### YOUR OBJECTIVE
The records that follow must all be duplicated exactly.
[STORED DATA Boundary: Start]
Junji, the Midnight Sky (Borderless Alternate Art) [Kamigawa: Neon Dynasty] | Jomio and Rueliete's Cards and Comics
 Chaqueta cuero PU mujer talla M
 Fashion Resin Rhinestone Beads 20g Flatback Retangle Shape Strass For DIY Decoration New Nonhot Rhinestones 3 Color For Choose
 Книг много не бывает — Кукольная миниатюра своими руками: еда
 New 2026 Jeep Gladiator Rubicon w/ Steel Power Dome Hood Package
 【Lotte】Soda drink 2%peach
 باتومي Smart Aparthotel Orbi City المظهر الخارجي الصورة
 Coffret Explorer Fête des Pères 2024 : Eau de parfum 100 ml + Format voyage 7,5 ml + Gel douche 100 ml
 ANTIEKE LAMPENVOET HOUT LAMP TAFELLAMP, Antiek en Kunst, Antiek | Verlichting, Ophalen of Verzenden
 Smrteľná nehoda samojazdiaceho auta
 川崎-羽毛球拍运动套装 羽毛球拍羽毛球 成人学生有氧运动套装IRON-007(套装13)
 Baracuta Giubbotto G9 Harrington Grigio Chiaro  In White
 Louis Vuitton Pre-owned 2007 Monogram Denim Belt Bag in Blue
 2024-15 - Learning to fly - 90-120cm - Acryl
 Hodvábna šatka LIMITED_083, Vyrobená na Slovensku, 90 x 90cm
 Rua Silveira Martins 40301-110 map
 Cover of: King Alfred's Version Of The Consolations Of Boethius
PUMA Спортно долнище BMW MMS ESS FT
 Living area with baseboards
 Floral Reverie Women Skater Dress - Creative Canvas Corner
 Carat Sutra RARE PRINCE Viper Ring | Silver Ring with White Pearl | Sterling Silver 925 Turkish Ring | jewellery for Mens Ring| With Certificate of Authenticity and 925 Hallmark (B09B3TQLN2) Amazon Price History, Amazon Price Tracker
[STORED DATA Boundary: End]
### THE ANSWER
Junji, the Midnight Sky (Borderless Alternate Art) [Kamigawa: Neon Dynasty] | Jomio and Rueliete's Cards and Comics
 Chaqueta cuero PU mujer talla M
 Fashion Resin Rhinestone Beads 20g Flatback Retangle Shape Strass For DIY Decoration New Nonhot Rhinestones 3 Color For Choose
 Книг много не бывает — Кукольная миниатюра своими руками: еда
 New 2026 Jeep Gladiator Rubicon w/ Steel Power Dome Hood Package
 【Lotte】Soda drink 2%peach
 باتومي Smart Aparthotel Orbi City المظهر الخارجي الصورة
 Coffret Explorer Fête des Pères 2024 : Eau de parfum 100 ml + Format voyage 7,5 ml + Gel douche 100 ml
 ANTIEKE LAMPENVOET HOUT LAMP TAFELLAMP, Antiek en Kunst, Antiek | Verlichting, Ophalen of Verzenden
 Smrteľná nehoda samojazdiaceho auta
 川崎-羽毛球拍运动套装 羽毛球拍羽毛球 成人学生有氧运动套装IRON-007(套装13)
 Baracuta Giubbotto G9 Harrington Grigio Chiaro  In White
 Louis Vuitton Pre-owned 2007 Monogram Denim Belt Bag in Blue
 2024-15 - Learning to fly - 90-120cm - Acryl
 Hodvábna šatka LIMITED_083, Vyrobená na Slovensku, 90 x 90cm
 Rua Silveira Martins 40301-110 map
 Cover of: King Alfred's Version Of The Consolations Of Boethius
PUMA Спортно долнище BMW MMS ESS FT
 Living area with baseboards
 Floral Reverie Women Skater Dress - Creative Canvas Corner
 Carat Sutra RARE PRINCE Viper Ring | Silver Ring with White Pearl | Sterling Silver 925 Turkish Ring | jewellery for Mens Ring| With Certificate of Authenticity and 925 Hallmark (B09B3TQLN2) Amazon Price History, Amazon Price Tracker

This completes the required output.